[Scraped caption text data]

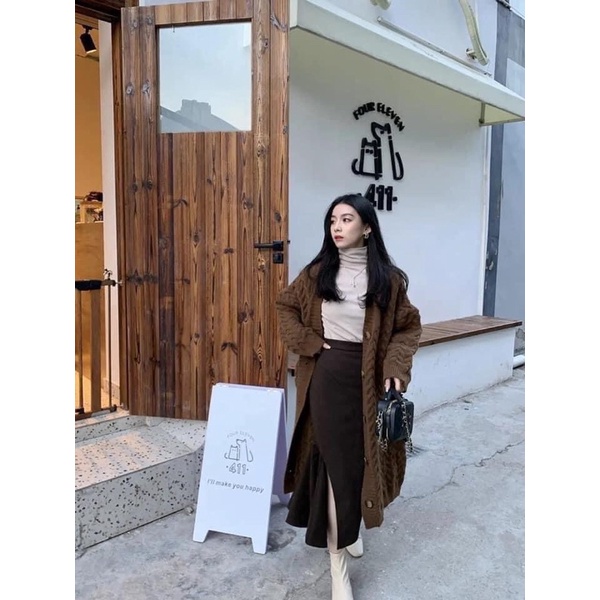 ÁO CADIGAN LEN DÁNG DÀI VẶN THỪNG MÙA ĐÔNG SIÊU ẤM 2021 | BigBuy360 - bigbuy360.vn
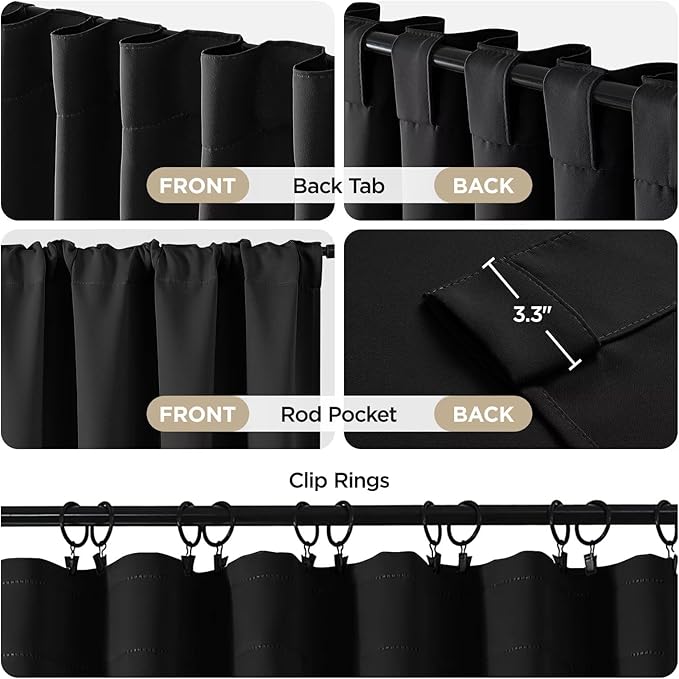 Joydeco Black Curtains 84 inch Long, Thermal Insulated Privacy Room Darkening - Image 4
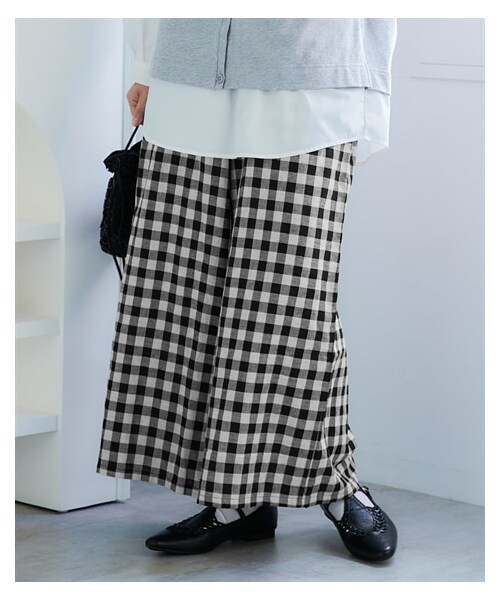 nissen（ニッセン）の「＜大きいサイズ＞綿１００％ダブルガーゼガウチョパンツ（ゆったりヒップ）（パンツ・レディース・ギンガムチェック/黒/ネイビーストライプ・L/LL/3L/4L/5L/6L/8L/10L）」の21枚目の写真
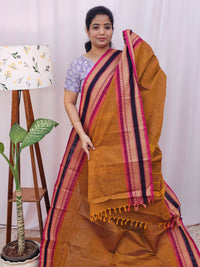 Kanchi Cotton Saree - Brown with Magenta pink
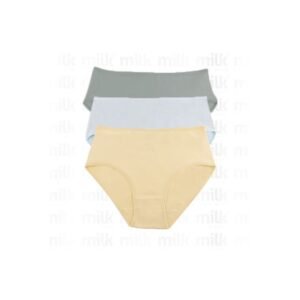 طقم داخلي نسائي قطن من milk مُكون من 3 قطع بألوان (بيج،تركواز، زيتي)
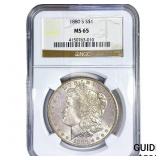 1880-S Morgan Silver Dollar NGC MS65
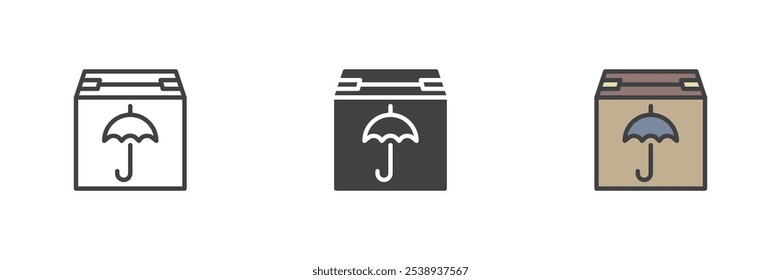 Keep dry box different style icon set. Line, glyph and filled outline colorful version, outline and filled vector sign. Delivery package with umbrella symbol, logo illustration. Vector graphics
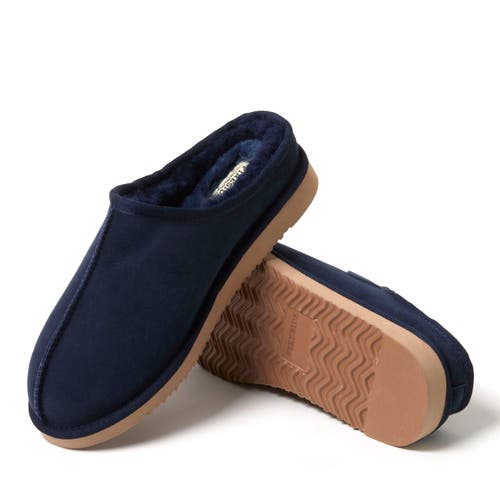 Dearfoams Fireside By Men's Grafton Genuine Shearling Clog In Navy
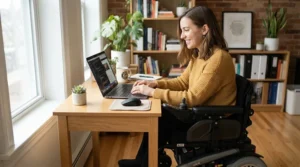 Working from home in a small turning radius power wheelchair for home use tucked under a desk.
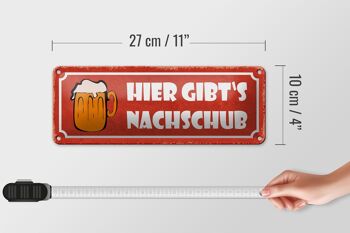 Plaque en tôle indiquant 27x10cm "Bière, voici un réapprovisionnement de chopes à bière" 4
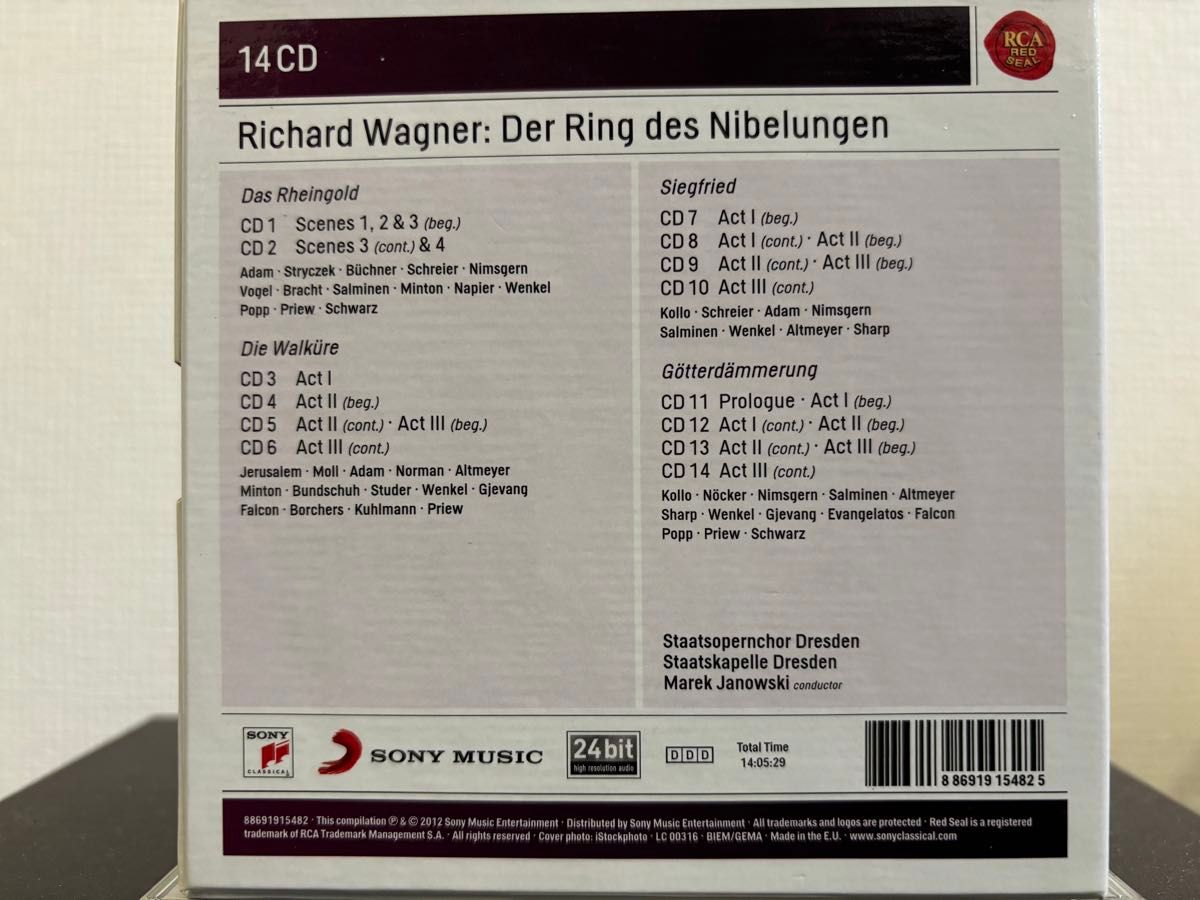 ワーグナー　楽劇ニーベルングの指環全曲　ヤノフスキー指揮　ドレスデンシュターツカペレ　14CD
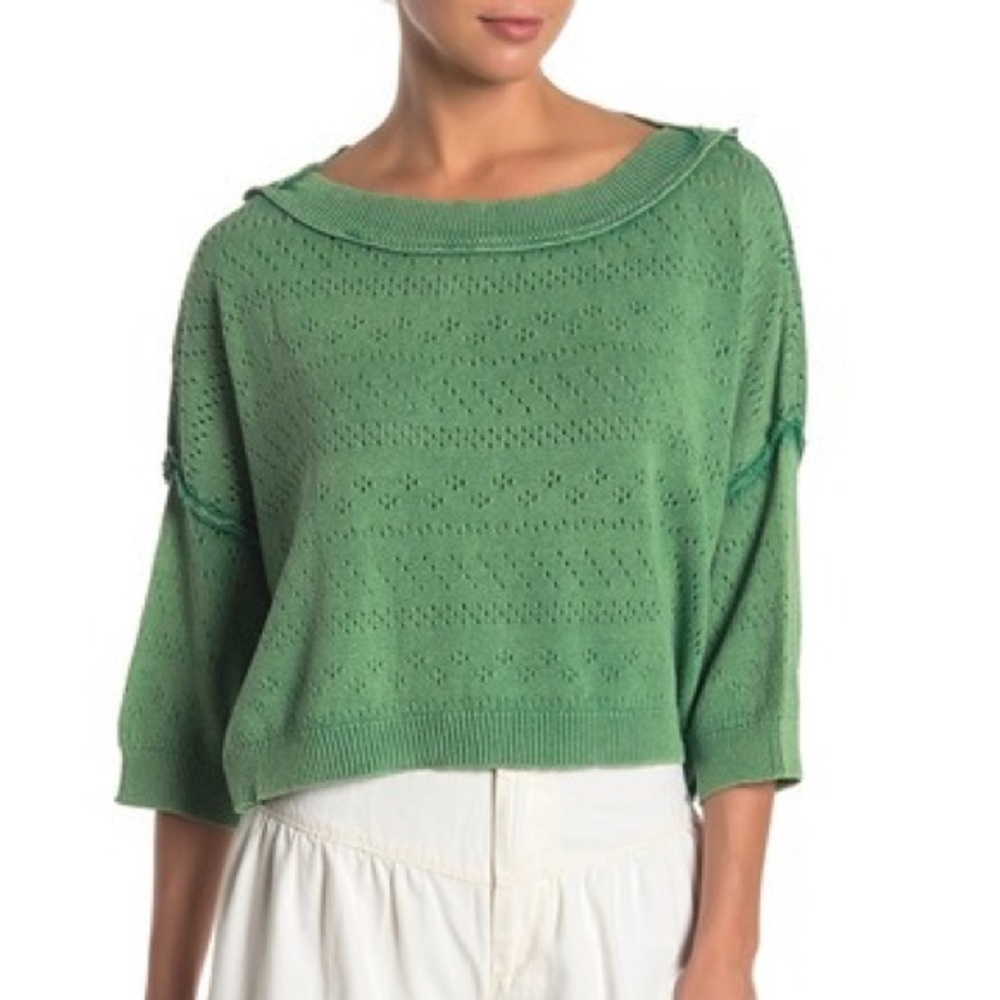 Free People Sandcastle Crop Sweater Medium Green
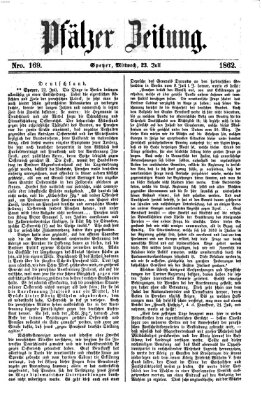 Pfälzer Zeitung Mittwoch 23. Juli 1862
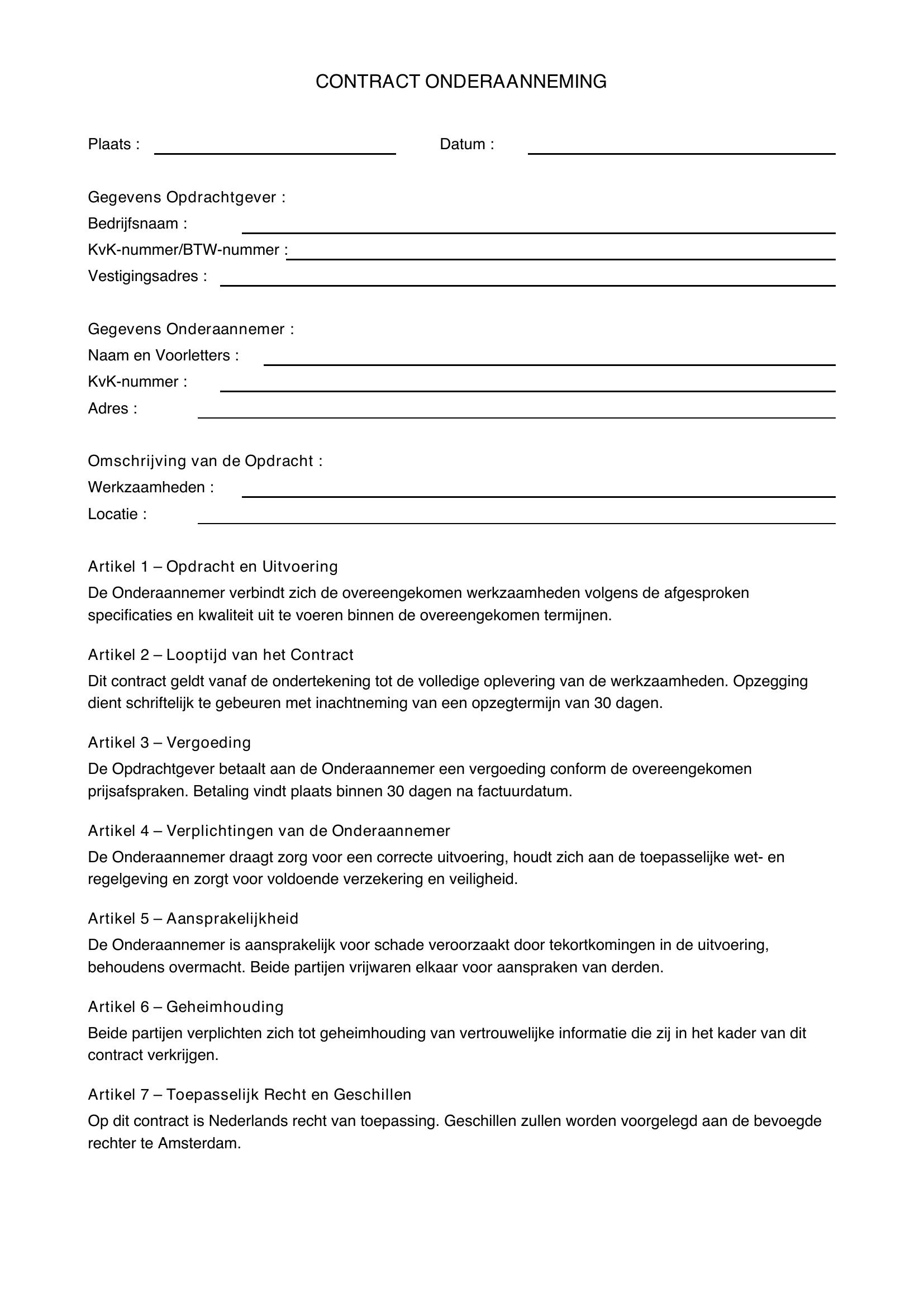 Contract Onderaanneming Voorbeeld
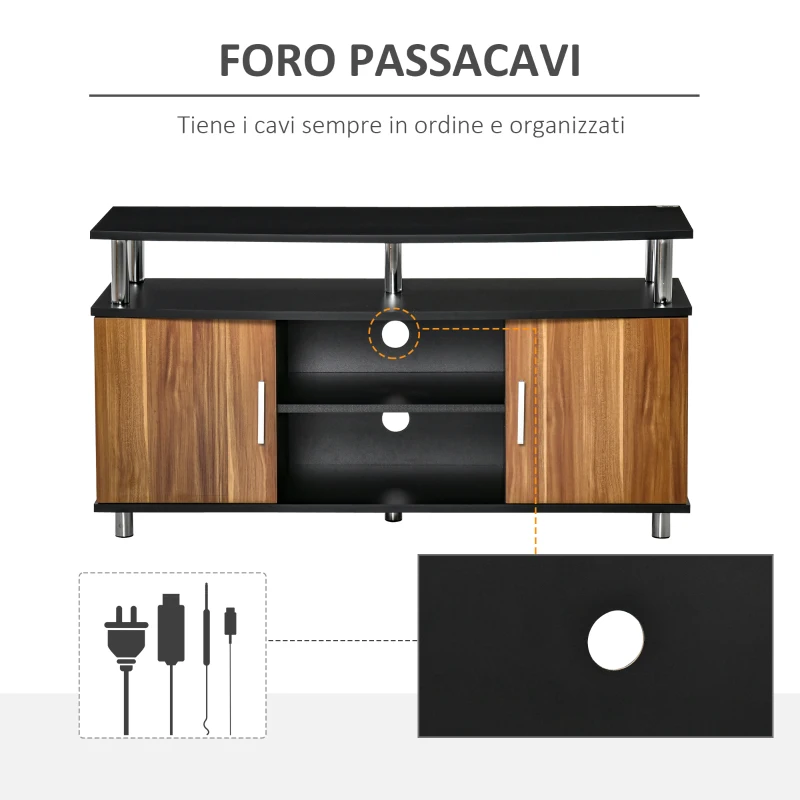 HOMCOM Mobile TV Moderno con 2 Ripiani, Fori Passacavi e 2 Armadietti in MDF 105x40x55cm - Nero e Marrone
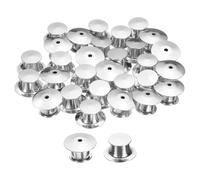 sourcing map 30Pcs Metal Locking Pin Backs, Pin Keepers Locking Clasp Flat Head Clamp Needle Back Lock for DIY Brooch Crafts Badges Enamel Lapel, Silver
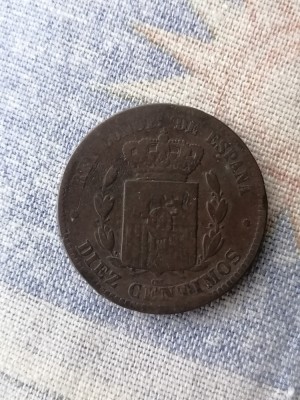 MONEDA-10 CENTIMOS 1879- SPANIA foto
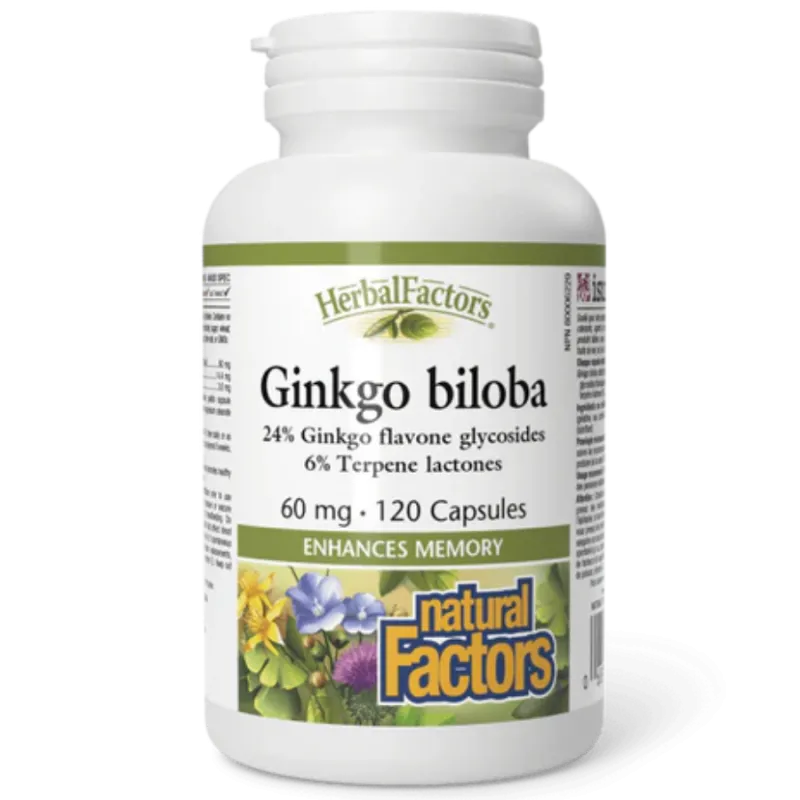 Natural Factors HerbalFactors Ginkgo biloba 60 mg, 120 Capsules | Unbeatable Prices, Daily Deals | VITASHOP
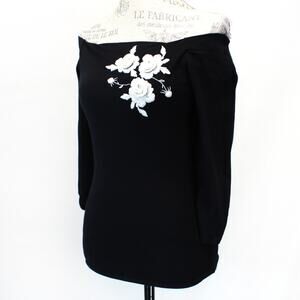 Arden B Off Shoulder Black Top Large Floral Embroidery Romantic Y2K Glam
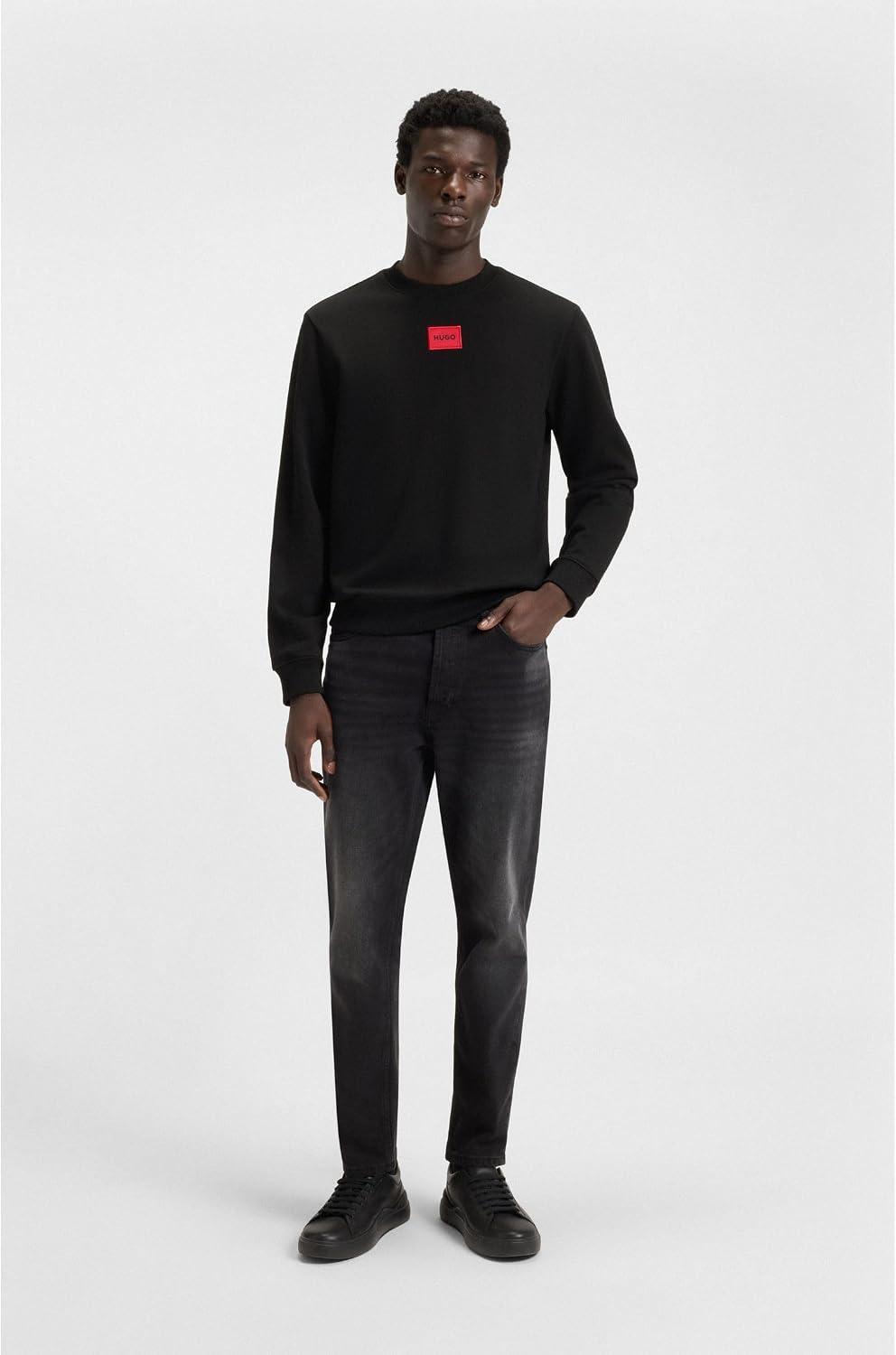 HUGO Herren Diragol212 Regular-Fit Sweatshirt aus Baumwoll-Terry mit Logo-Etikett XS Black1, XS Blac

• Exercise prompt:
Copy out the records exactly; the pictures stay behind.

• Finished exercise:
 ÁO CADIGAN LEN DÁNG DÀI VẶN THỪNG MÙA ĐÔNG SIÊU ẤM 2021 | BigBuy360 - bigbuy360.vn
 Joydeco Black Curtains 84 inch Long, Thermal Insulated Privacy Room Darkening - Image 4
 nissen（ニッセン）の「＜大きいサイズ＞綿１００％ダブルガーゼガウチョパンツ（ゆったりヒップ）（パンツ・レディース・ギンガムチェック/黒/ネイビーストライプ・L/LL/3L/4L/5L/6L/8L/10L）」の21枚目の写真
 Kanchi Cotton Saree - Brown with Magenta pink
 طقم داخلي نسائي قطن من milk مُكون من 3 قطع بألوان (بيج،تركواز، زيتي)
 1880-S Morgan Silver Dollar NGC MS65
 Keep dry box different style icon set. Line, glyph and filled outline colorful version, outline and filled vector sign. Delivery package with umbrella symbol, logo illustration. Vector graphics
 Dearfoams Fireside By Men's Grafton Genuine Shearling Clog In Navy
 Working from home in a small turning radius power wheelchair for home use tucked under a desk.
 Plaque en tôle indiquant 27x10cm "Bière, voici un réapprovisionnement de chopes à bière" 4
 ワーグナー　楽劇ニーベルングの指環全曲　ヤノフスキー指揮　ドレスデンシュターツカペレ　14CD
 Free People Sandcastle Crop Sweater Medium Green
 Pfälzer Zeitung Mittwoch 23. Juli 1862
 Contract Onderaanneming Voorbeeld
 HOMCOM Mobile TV Moderno con 2 Ripiani, Fori Passacavi e 2 Armadietti in MDF 105x40x55cm - Nero e Marrone
 sourcing map 30Pcs Metal Locking Pin Backs, Pin Keepers Locking Clasp Flat Head Clamp Needle Back Lock for DIY Brooch Crafts Badges Enamel Lapel, Silver
 MONEDA-10 CENTIMOS 1879- SPANIA foto
 Natural Factors HerbalFactors Ginkgo biloba 60 mg, 120 Capsules | Unbeatable Prices, Daily Deals | VITASHOP
 Arden B Off Shoulder Black Top Large Floral Embroidery Romantic Y2K Glam
 HUGO Herren Diragol212 Regular-Fit Sweatshirt aus Baumwoll-Terry mit Logo-Etikett XS Black1, XS Blac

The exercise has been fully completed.